Einen Monat vor Reiseantritt folgte aber die Ernüchterung: Die Familie erfuhr, dass aufgrund der herrschenden Corona-Pandemie vor Ort eine Maskenpflicht gelten werde: Überall, wo ein Abstand von zwei Metern zu anderen Menschen nicht einzuhalten sei, musste vor Ort eine Maske getragen werden. Dies galt nicht nur für das Hotel, Restaurants oder andere geschlossene Räume, sondern auch für den Aufenthalt im Freien, für alle öffentlichen Straßen und Plätze.

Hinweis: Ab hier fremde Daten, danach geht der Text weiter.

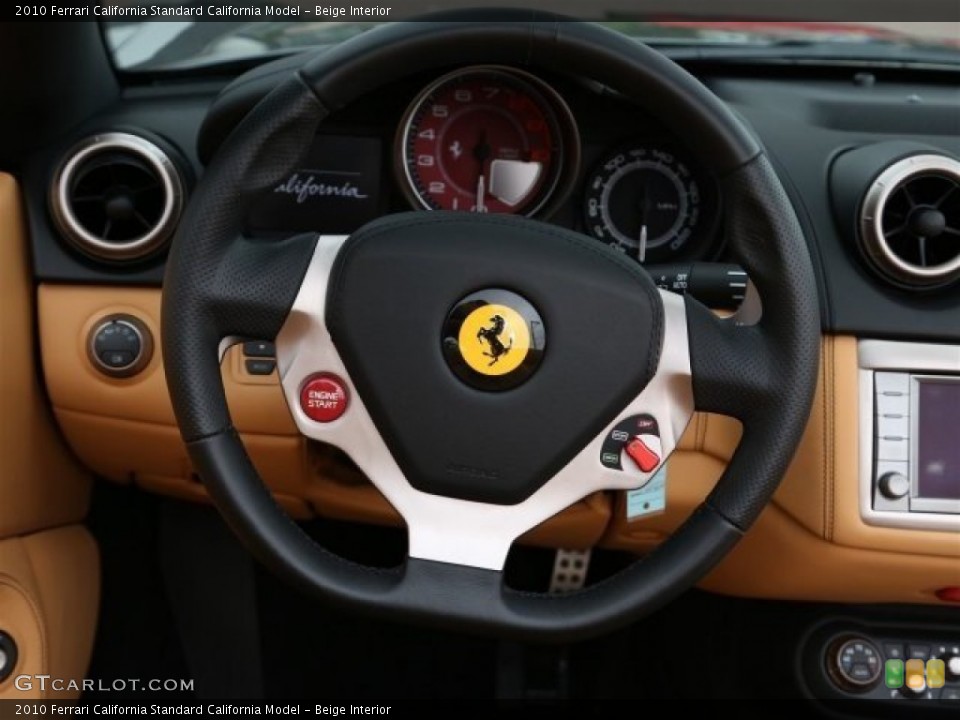 Beige Interior Steering Wheel for the 2010 Ferrari California  #106356866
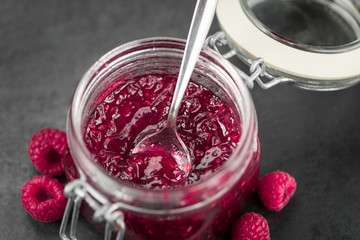 Fresh made Raspberry Jam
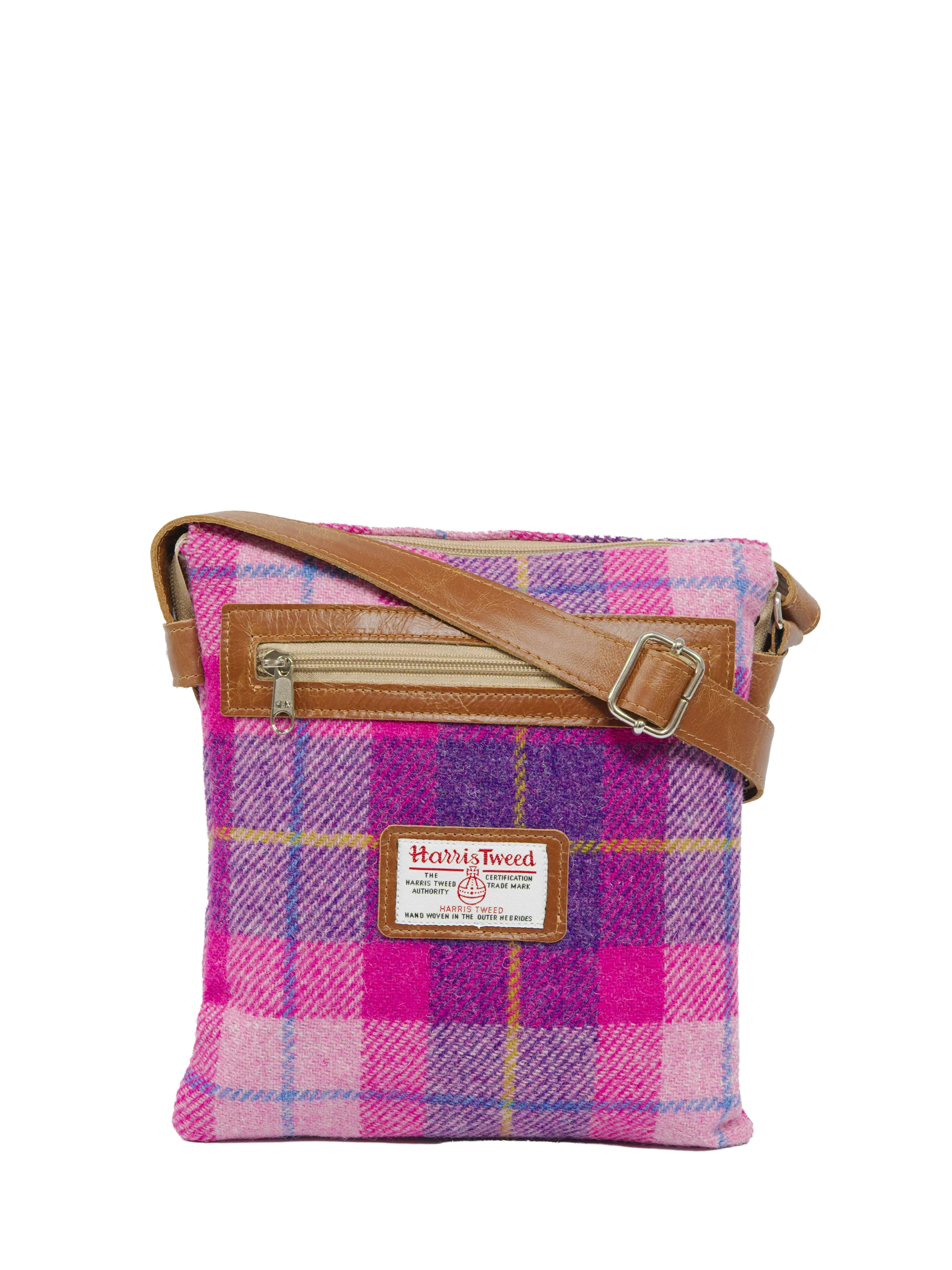 Harris Tweed St Clements Bag - A090 (Tan Leather)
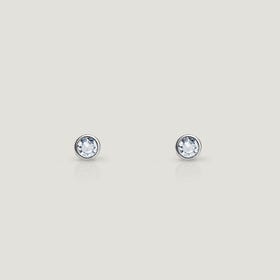 CANDY 9ct White Gold CZ Stud Earrings 2mm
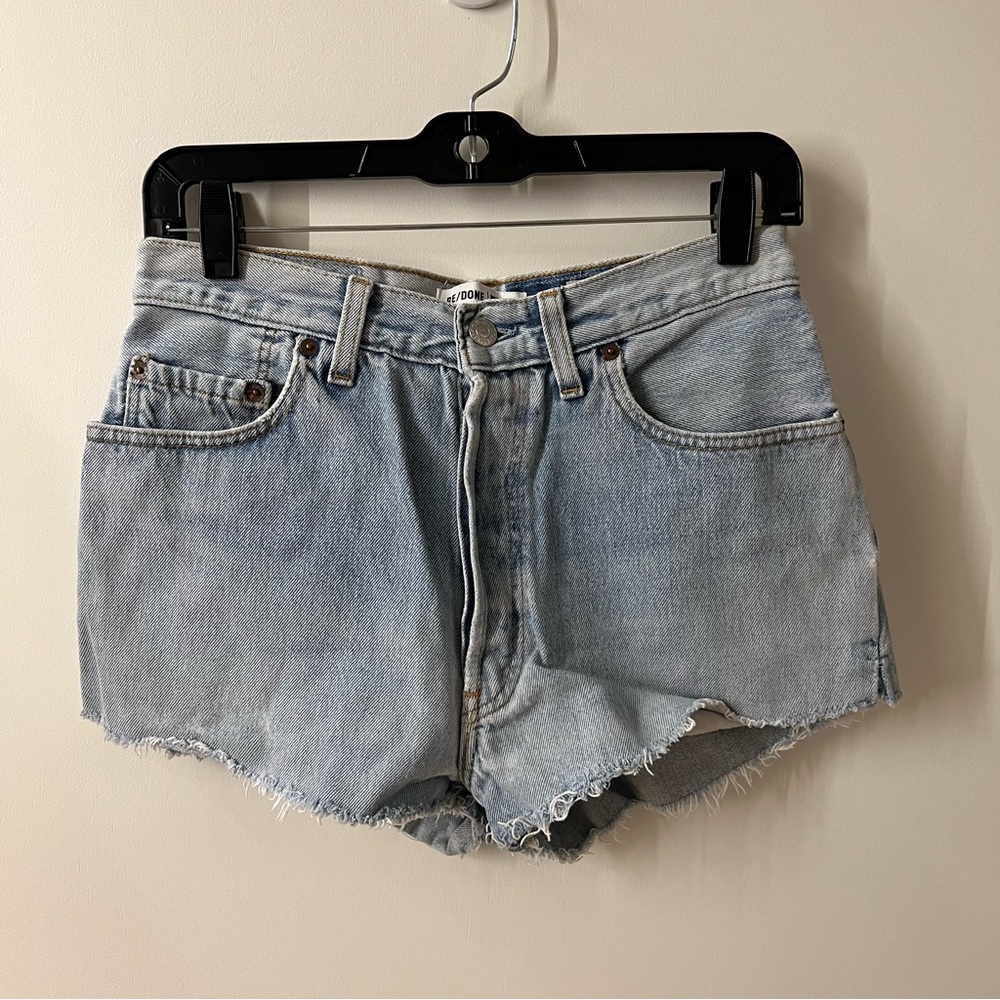 Redone Jean Shorts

Dieser Umstand verhagelte der Familie die Reisepläne: Der Vater verlangte vom Reiseveranstalter den gezahlten Vorschuss zurück. Dieser berief sich jedoch auf vertraglich vereinbarten Stornokosten in Höhe von 25 Prozent des Reisepreises. Der Familienvater machte daraufhin die besondere Corona-Situation geltend. Diese ermögliche ihm ein kostenloses Rücktrittsrecht gemäß § 651 h Absatz 3 BGB. Der Paragraph sieht vor, dass der Reiseveranstalter keine Entschädigung verlangen dürfe, „wenn am Bestimmungsort oder in dessen unmittelbarer Nähe unvermeidbare, außergewöhnliche Umstände auftreten“. Der Fall landete vor Gericht.
Das Urteil
Das Düsseldorfer Amtsgericht schloss sich der Ansicht des Familienvaters an: Die Maskenpflicht am Urlaubsort sei als außergewöhnlicher Umstand zu werten, der die Reise erheblich beeinträchtigt hätte. Zwar stelle nicht jede Maskenpflicht eine außergewöhnliche Belastung dar. Der Vater habe aber erwarten müssen, dass er und seine Familie über weite Teile des Tages bei Außentemperaturen zwischen 25 und 30 Grad einen durch Schweiß durchnässten Mundschutz zu tragen hätten. Dadurch wäre der Tagesablauf wesentlich berührt gewesen, urteilte das Gericht und erkannte in der vor Ort herrschenden Maskenpflicht eine erhebliche Beeinträchtigung des urlaubstypischen Tagesablaufs.
Nach Auffassung des Amtsgerichts habe sich auch das typische Lebensrisiko nicht verwirklicht. So sei zum Zeitpunkt der Kündigung eine Maskenpflicht wie auf Mallorca weltweit nicht typisch gewesen, insbesondere auch nicht Bestandteil des Tagesablaufs am Heimatort des Klägers. Der Reiseveranstalter muss folglich den vom Kunden bezahlten Vorschuss erstatten.